The data
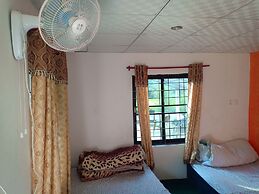 Begnas Lake Front Guest House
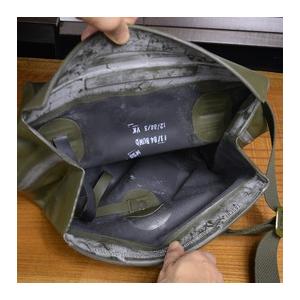 ドイツ軍放出品 ガスマスクバッグ OD ラバー製 [ 並下品 ] ドイツ連邦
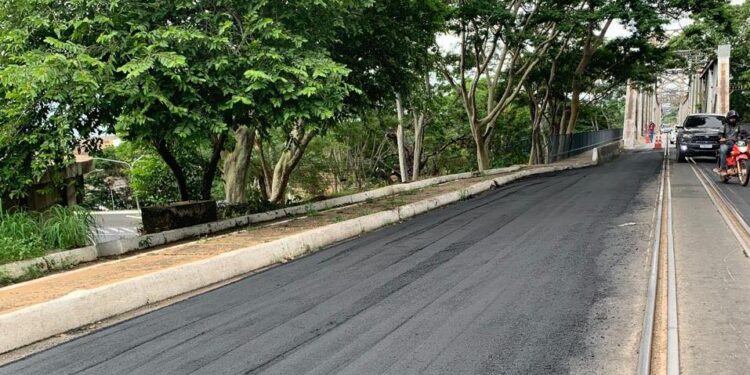 Prefeitura de Teresina realiza recapeamento asfáltico nos acessos da Ponte Metálica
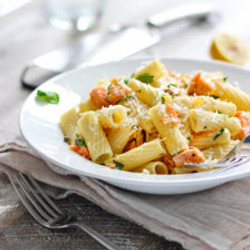 Light Lemon Garlic Pasta With Salmon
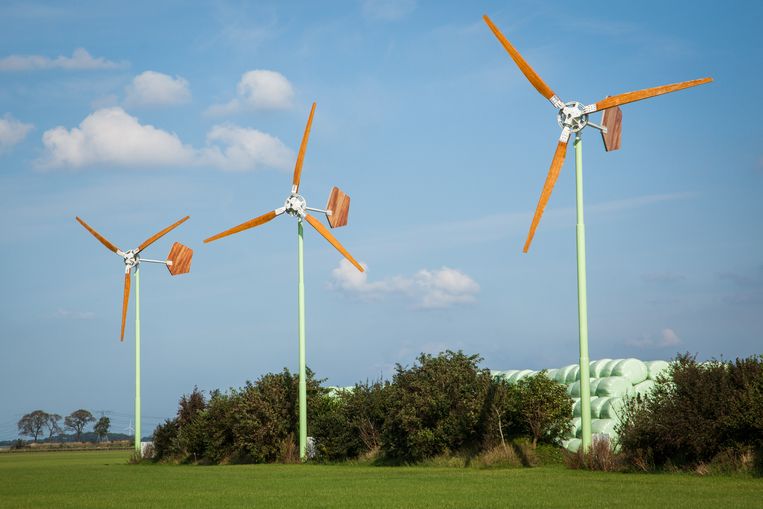  Windmolens bij een boerderij aan de Klingenweg in Zuidbroek.  Beeld Nederlandse Freelancers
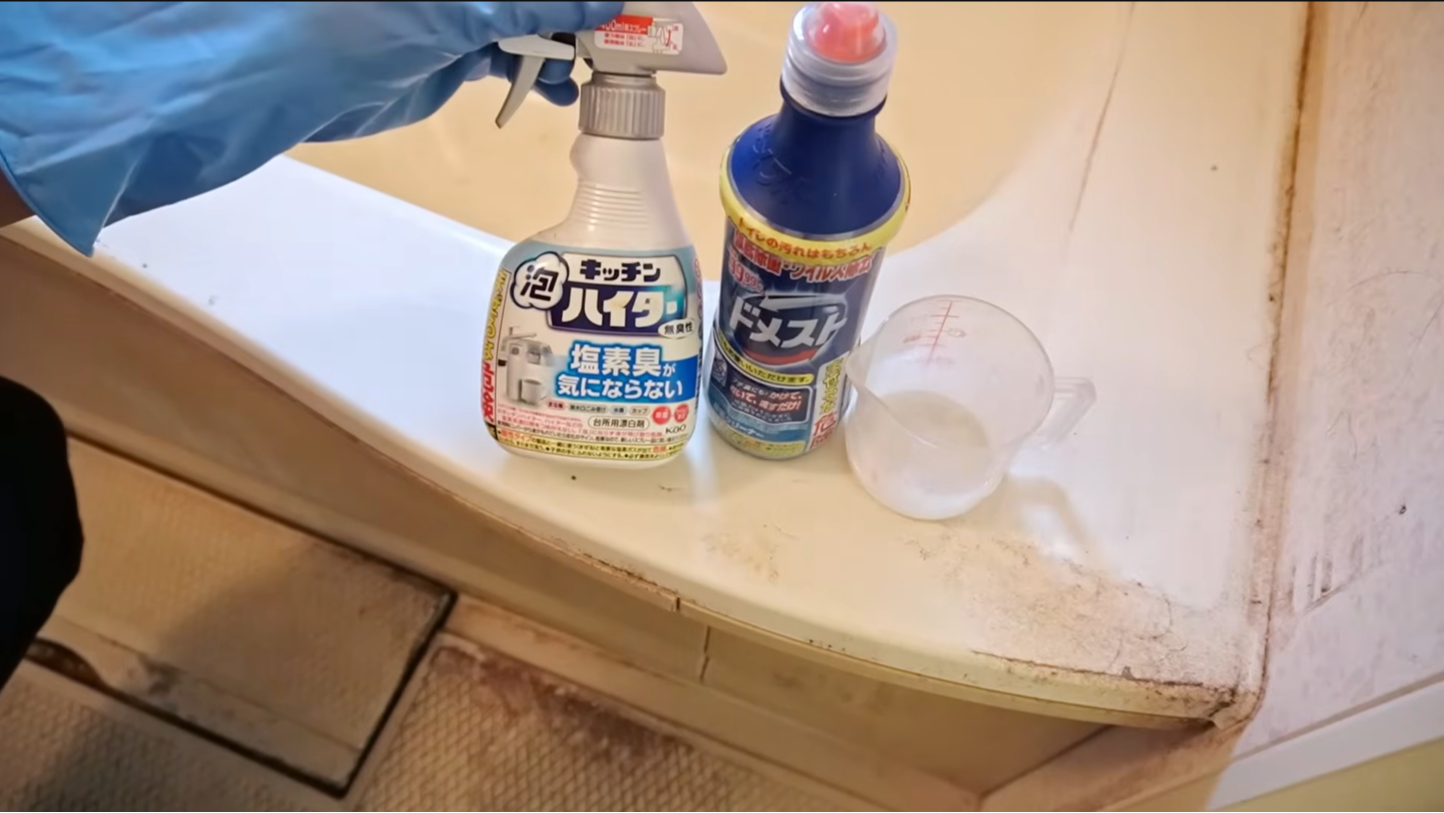 お風呂のカビ掃除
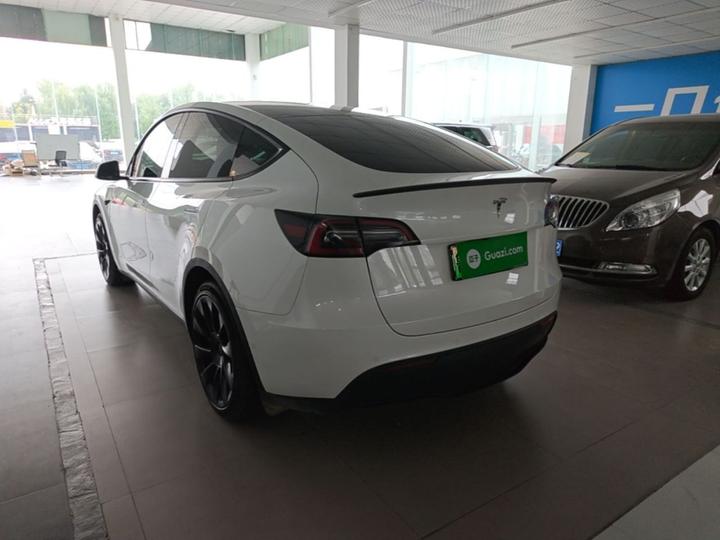 Model Y 2022 Facelift RWD photo 4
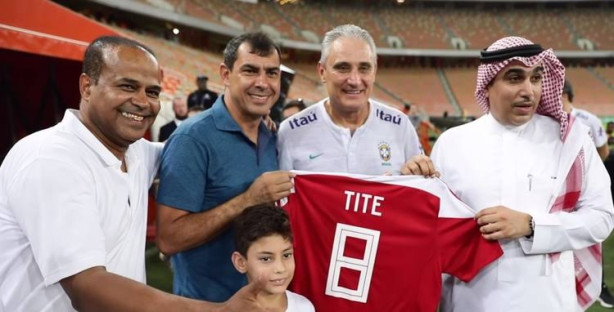 Vazou o m�dico do tite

Your objective
Without carrying over any picture, retype the records above word for word.

Finished task
 Begnas Lake Front Guest House
 ドイツ軍放出品 ガスマスクバッグ OD ラバー製 [ 並下品 ] ドイツ連邦
 Prefeitura de Teresina realiza recapeamento asfáltico nos acessos da Ponte Metálica
 Light Lemon Garlic Pasta With Salmon
  Windmolens bij een boerderij aan de Klingenweg in Zuidbroek.  Beeld Nederlandse Freelancers
 お風呂のカビ掃除
 Model Y 2022 Facelift RWD photo 4
 Vazou o m�dico do tite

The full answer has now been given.